Changing cookieDomain can lead to a session refresh loop

[anku255]

Issue

There is an edge case where changing the cookieDomain config on the server can lead to session integrity issues. For instance, if the API server URL is 'api.example.com' with a cookie domain of '.example.com', and the server updates the cookie domain to 'api.example.com' the client may retain cookies with both '.example.com' and 'api.example.com' domains.

Consequently, if the server chooses the older cookie, session invalidation occurs, potentially resulting in an infinite refresh loop.

Solution

To fix this, users are asked to specify "olderCookieDomain" in the config. After this the flow would like -

• apiDomain: 'api.example.com'
• cookieDomain: 'api.example.com'

Flow:

1. After authentication, the frontend has cookies set with domain=api.example.com, but the access token has expired.
2. The server updates cookieDomain to .example.com.
3. An API call requiring session with an expired access token (cookie with domain=api.example.com) results in a 401 response.
4. The frontend attempts to refresh the session, generating a new access token saved with domain=.example.com.
5. The original API call is retried, but because it sends both the old and new cookies, it again results in a 401 response.
6. The frontend tries to refresh the session with multiple access tokens:
   • If olderCookieDomain is not set, the refresh fails with a 500 error.
     • The user remains stuck until they clear cookies manually or olderCookieDomain is set.
   • If olderCookieDomain is set, the refresh clears the older cookie, returning a 200 response.
     • The frontend retries the original API call, sending only the new cookie (domain=.example.com), resulting in a successful request.

TODOs

• [x] Fix the errorHandler override in all the backend SDKs
• [x] The CLI PR needs a comment + undo version changes
• [ ] The docs PR is also back into in review
• [ ] Need to also make frontend SDK changes to ignore leading dot when setting frontendScope.
• [ ] Need to add end to end tests with supertokens-website repo.
  • [ ] Simulate this issue in a e2e test and make sure it doesn't get stuck
• [x] we are now checking in a bunch of places that the header mode is any or cookies and that the access token cookie is present. But maybe, we should add another condition to it that the access token cookie is present AND that access token is one that was created by supertokens?
  • [x] I don't think we need to do that, we generally only need to check this in headers, because using the Authorization header is a common thing, while using the sAccessToken cookie is not.

[anku255]

In Server Side Rendering (SSR), we use the TryRefreshComponent to refresh sessions.

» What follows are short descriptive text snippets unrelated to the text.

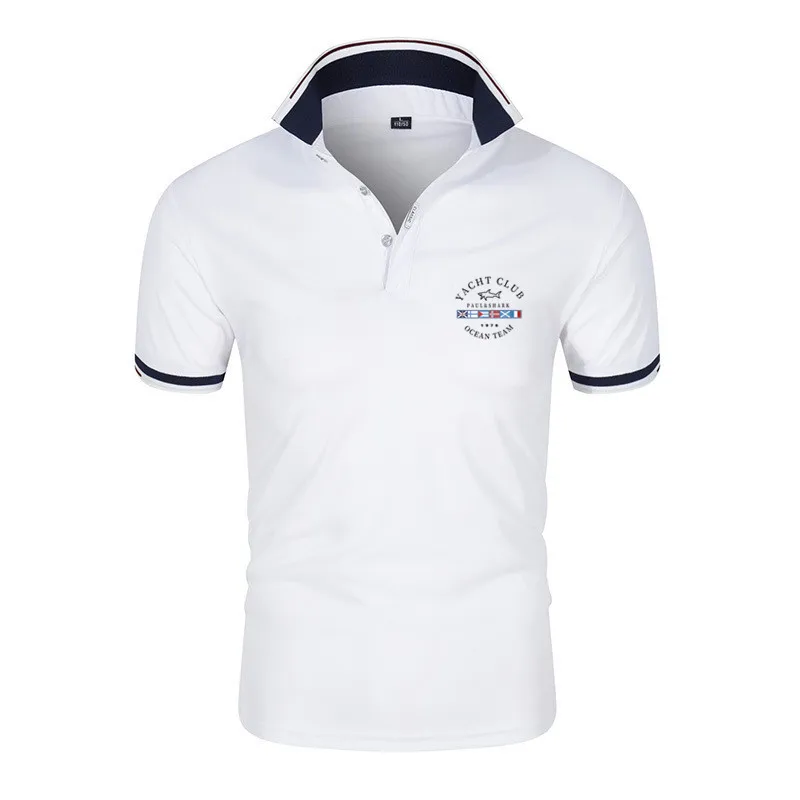 

Polo Shirt Men Summer Stitching Mens Shorts Sleeve Polo Business Clothes Luxury Men Tee Shirt Brand Polos -40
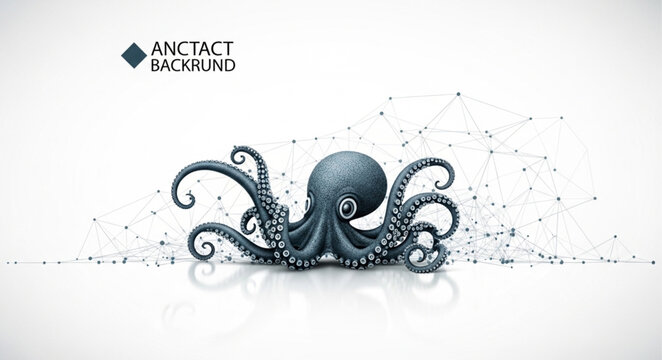 Octopus creature with tentacles and abstract background.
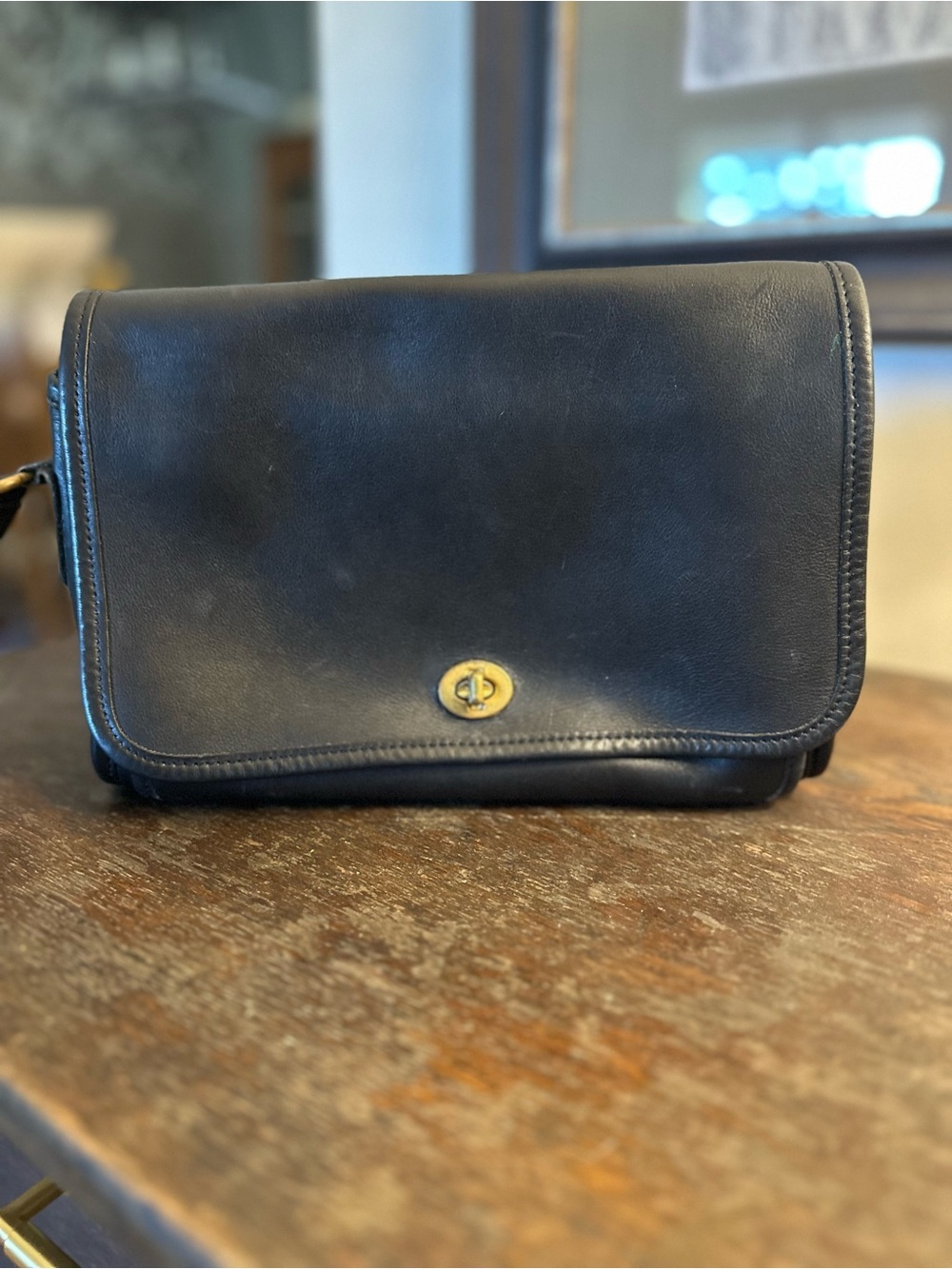 Coach Navy pocket purse Turnlock Shoulder Bag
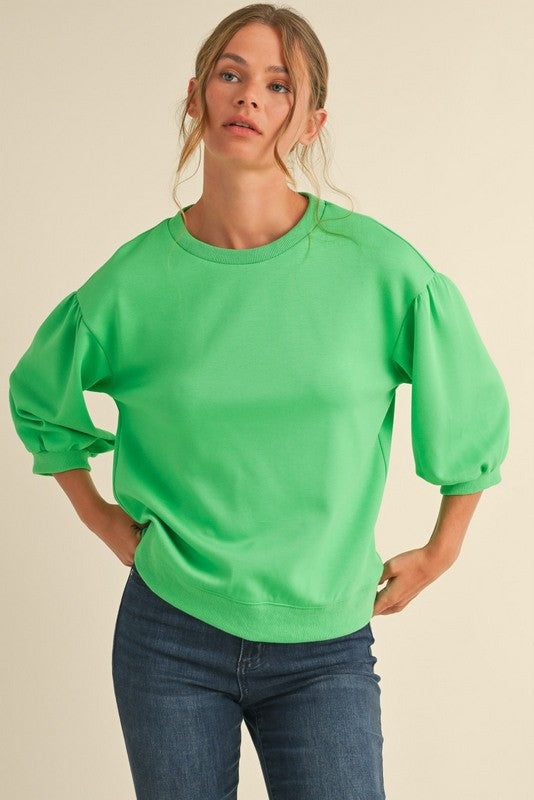 3/4 Sleeve Peasant Sleeve Sweatshirt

If olderCookieDomain is set when changing the cookieDomain, clients with session cookies under the old domain will require multiple refresh cycles to update their expired session cookies. The useEffect in TryRefreshComponent doesn't run after the first cycle, causing the UI to stall at "Loading...". To resolve this, add a key prop to TryRefreshComponent to force re-rendering, ensuring useEffect runs again.